Pelé acha “normal” operários morrerem em obras de estádios, por Leonardo Sakamoto

Leonardo Sakamoto

Pelé é como aquele tio que só fala groselha na ceia de Natal. Todo mundo acha engraçado, mas ninguém leva muito a sério. Contudo, há limites para tudo.

Após ser questionado sobre a morte de mais um operário nas obras do Itaquerão, em março, ele afirmou: ”Isso é normal, pode acontecer, mas a minha maior preocupação é quanto à estrutura, os aeroportos, porque no Brasil sempre dá-se um jeitinho”. De acordo com matéria de Bruno Thadeu, do UOL, ”voltei recentemente para o Brasil e o aeroporto está um caos. Essa é minha preocupação.”

Particularmente acho que mortes são piores que atrasos em obras de aeroportos.
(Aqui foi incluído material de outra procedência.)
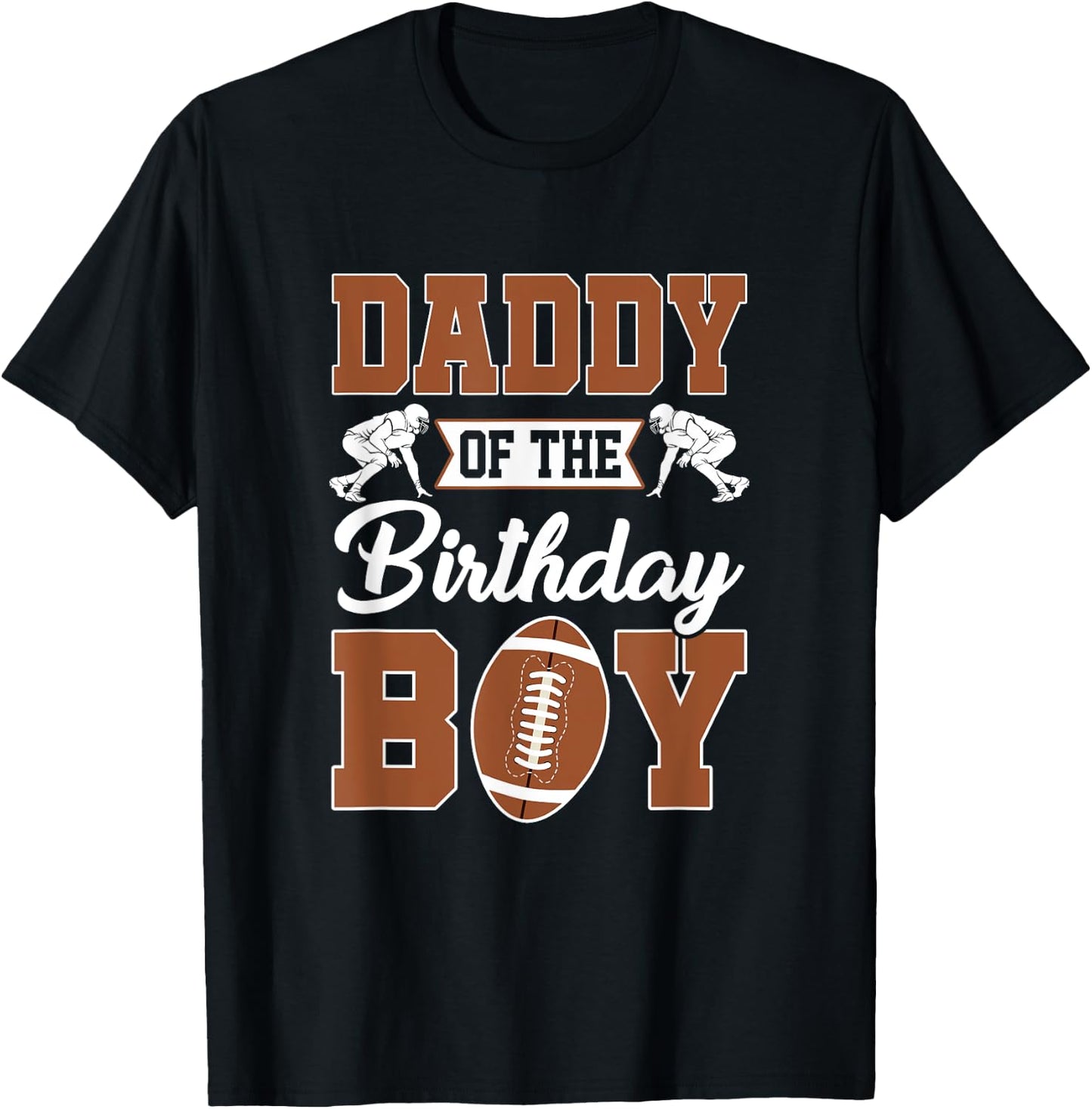 Daddy Of The Birthday Boy Football Party Family Matching T-Shirt - T-Shirt | Black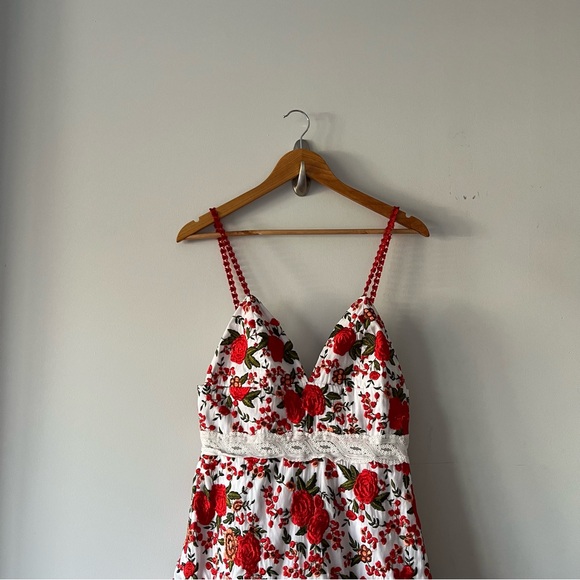 Alexis Naomie rose-embroidered maxi dress Size Small - Picture 4 of 6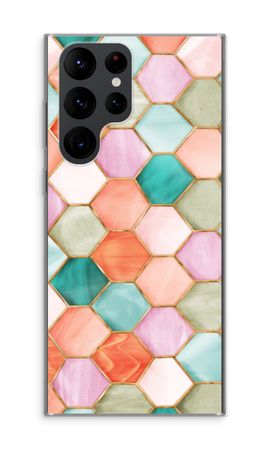 Hexagons in stained glass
Mas todo mundo tem sua prioridade.

De certa forma, os piores problemas na maior parte das obras de estádios e aeroportos têm o mesmo DNA: a terceirização tresloucada que torna a dignidade responsabilidade de ninguém. Mais ou menos assim: Um consórcio contrata o Tio Patinhas para tocar um serviço, que subcontrata a Maga Patalógica, que subcontrata o Donald, que deixa tudo na mão de três pequenas empreiteiras do Zezinho, do Huguinho e do Luizinho. Às vezes, o Zezinho não tem as mínimas condições de assumir turmas de trabalhadores, mas toca o barco mesmo assim. Aí, sob pressão de prazo e custos, aparecem bizarrices. Depois, quando tudo acontece, Donald, Patalógica, Tio Patinhas e o consórcio dizem que o problema não é com eles. E aí, ninguém quer pagar o pato – literalmente. Ficam os trabalhadores a ver navios, como Patetas.

Em São Paulo, já foram três mortos no estádio da Copa e 111 trabalhadores resgatados do trabalho análogo ao de escravo na ampliação do aeroporto internacional.

Quando alguém passa desta para a melhor salpicado de sangue e cimento, temos um comportamento bizarro, de crítica quase que envergonhada. A reflexão não pode durar muito porque, afinal de contas, a vida segue. Comprei meu apartamento e ele deve ser entregue, o estádio do meu time tem que ficar pronto, a estrada deve ser asfaltada e o metrô entregue, preciso de energia para a minha indústria e este ano tem eleição. Alguém deve arcar com essas demandas e com a falta de recursos para tanto. Então, que se tome mais uma cachacinha, encha a boca de arroz com feijão e pau na máquina. Amanhã todo mundo já esqueceu o corpo estendido no chão.

Logo após marcar seu milésimo gol no dia 19 de novembro de 1969, Pelé disse ”vamos proteger as criancinhas necessitadas”.

Mas não explicou que, ao completar 18, elas que se danem. Pois o que importa, de verdade, é que não tenhamos aeroportos com cara de rodoviária na Copa.